# [What to do]
In the data below, one line contains "Nature in Glass" and a later one contains "兴隆升降货梯厂家推荐-*安全选购升降设备指南". Print both, with every line between them, exactly and alone.

⟨

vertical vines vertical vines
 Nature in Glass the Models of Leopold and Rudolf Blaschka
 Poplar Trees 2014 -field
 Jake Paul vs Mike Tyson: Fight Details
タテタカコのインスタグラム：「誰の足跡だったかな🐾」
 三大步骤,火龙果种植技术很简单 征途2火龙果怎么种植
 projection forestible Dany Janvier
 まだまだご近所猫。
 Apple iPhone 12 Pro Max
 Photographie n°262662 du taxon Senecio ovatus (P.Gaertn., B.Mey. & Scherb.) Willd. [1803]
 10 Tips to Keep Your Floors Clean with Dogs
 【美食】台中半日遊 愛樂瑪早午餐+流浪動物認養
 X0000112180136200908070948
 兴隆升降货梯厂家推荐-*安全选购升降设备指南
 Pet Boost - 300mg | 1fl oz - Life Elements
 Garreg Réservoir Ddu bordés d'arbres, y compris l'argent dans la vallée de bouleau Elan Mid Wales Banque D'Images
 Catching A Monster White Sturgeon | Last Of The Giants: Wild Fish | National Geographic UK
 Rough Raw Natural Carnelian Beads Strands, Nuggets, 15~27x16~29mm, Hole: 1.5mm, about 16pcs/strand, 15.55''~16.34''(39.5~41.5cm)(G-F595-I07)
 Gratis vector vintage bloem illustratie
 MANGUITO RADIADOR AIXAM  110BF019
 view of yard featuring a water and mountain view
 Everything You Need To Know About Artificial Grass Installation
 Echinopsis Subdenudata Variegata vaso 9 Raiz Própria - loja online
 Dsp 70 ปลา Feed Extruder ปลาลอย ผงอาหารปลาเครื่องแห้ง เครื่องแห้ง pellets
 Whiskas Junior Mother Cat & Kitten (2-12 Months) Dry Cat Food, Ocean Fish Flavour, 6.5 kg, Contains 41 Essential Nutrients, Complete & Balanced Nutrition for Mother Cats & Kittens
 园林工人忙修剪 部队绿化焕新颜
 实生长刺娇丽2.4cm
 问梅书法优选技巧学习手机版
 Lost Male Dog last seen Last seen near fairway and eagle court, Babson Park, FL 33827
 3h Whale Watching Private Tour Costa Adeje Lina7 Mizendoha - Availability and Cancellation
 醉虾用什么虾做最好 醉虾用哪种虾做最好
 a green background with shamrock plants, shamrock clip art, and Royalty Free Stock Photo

⟩

# [Exercise answer]
 Nature in Glass the Models of Leopold and Rudolf Blaschka
 Poplar Trees 2014 -field
 Jake Paul vs Mike Tyson: Fight Details
タテタカコのインスタグラム：「誰の足跡だったかな🐾」
 三大步骤,火龙果种植技术很简单 征途2火龙果怎么种植
 projection forestible Dany Janvier
 まだまだご近所猫。
 Apple iPhone 12 Pro Max
 Photographie n°262662 du taxon Senecio ovatus (P.Gaertn., B.Mey. & Scherb.) Willd. [1803]
 10 Tips to Keep Your Floors Clean with Dogs
 【美食】台中半日遊 愛樂瑪早午餐+流浪動物認養
 X0000112180136200908070948
 兴隆升降货梯厂家推荐-*安全选购升降设备指南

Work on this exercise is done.